Plasma: Ein Stoff, den die meisten eher aus Science-Fiction-Filmen kennen. Dabei ist Fiktion längst zur Realität geworden. Tatsächlich kommt Plasma auch in der echten Welt schon längst in der Raumfahrt zum Einsatz – aber eben nicht nur. Auch in der Medizin erschließen sich immer mehr Möglichkeiten den Stoff zu nutzen. „Das ist tatsächlich Weltraumtechnik, mit der wir hier arbeiten“, sagt Stefanie Ascher im Gespräch mit der Rechtsdepesche.
Sie ist Projektmanagerin bei terraplasma medical. Das Unternehmen beschäftigt sich schon einige Jahre mit der Produktentwicklung im Bereich der Plasma-Medizin und hat seinen Ursprung in einer Arbeitsgruppe des Max-Planck-Instituts. Dort hat man schon Anfang der 2000er an der Zukunftstechnologie für den Medizinbereich geforscht.
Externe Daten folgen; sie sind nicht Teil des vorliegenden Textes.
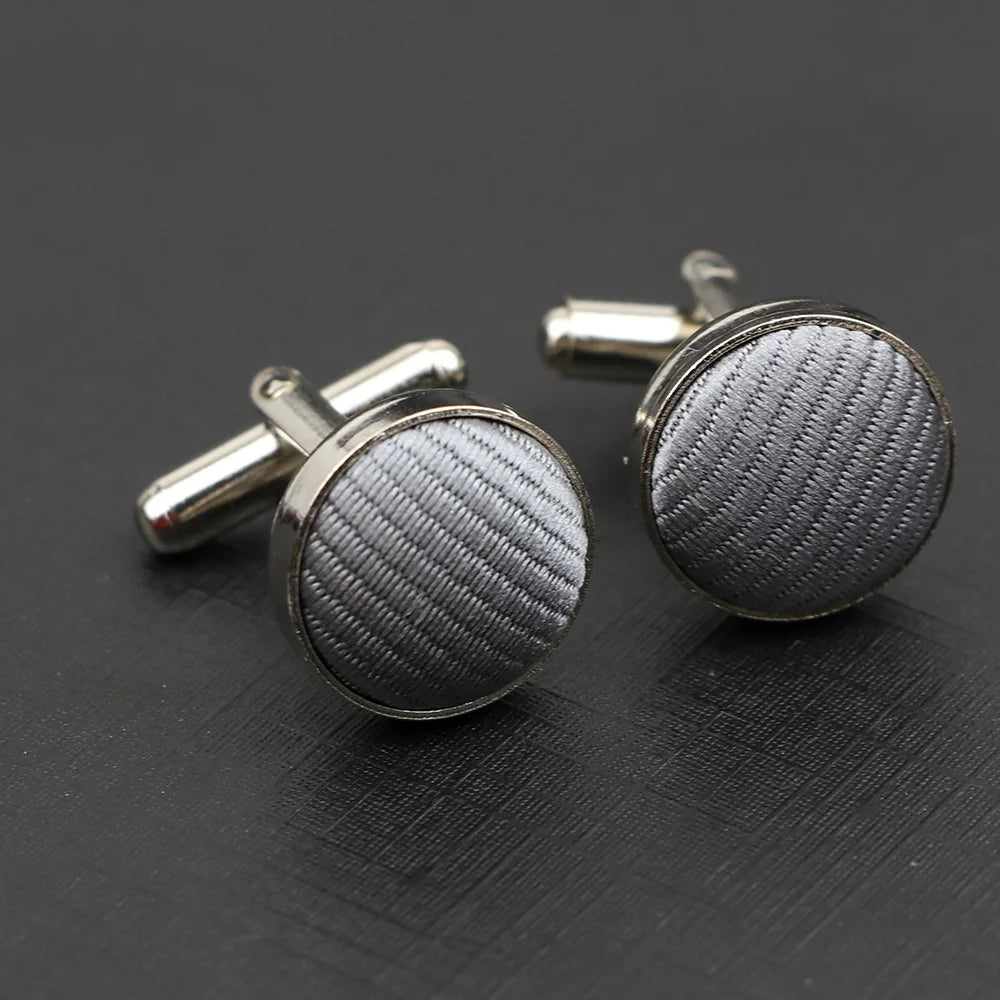 Klassische Herren Manschettenknöpfe mit Streifen- & Karomuster | Hochwertige Markenoptik – Elegante Ärmelknöpfe für Business & Hochzeit Kaufschwan® Hellgrau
Science-Fiction oder Realität?
Wenn in der Medizin von Plasma die Rede ist, dann ist damit nicht das gleiche gemeint, wie bei den Plasma-Kanonen der Science-Fiction-Filme. Es geht hier nämlich nicht um heißes, sondern um sogenanntes „kaltes atmosphärisches Plasma“ (KAP). Das wird künstlich hergestellt und dabei unter einer Temperatur von 40 Grad Celcius gehalten, damit es eben am Menschen angewendet werden kann. Plasma wird neben fest, flüssig und gasförmig als vierter Aggregatzustand bezeichnen.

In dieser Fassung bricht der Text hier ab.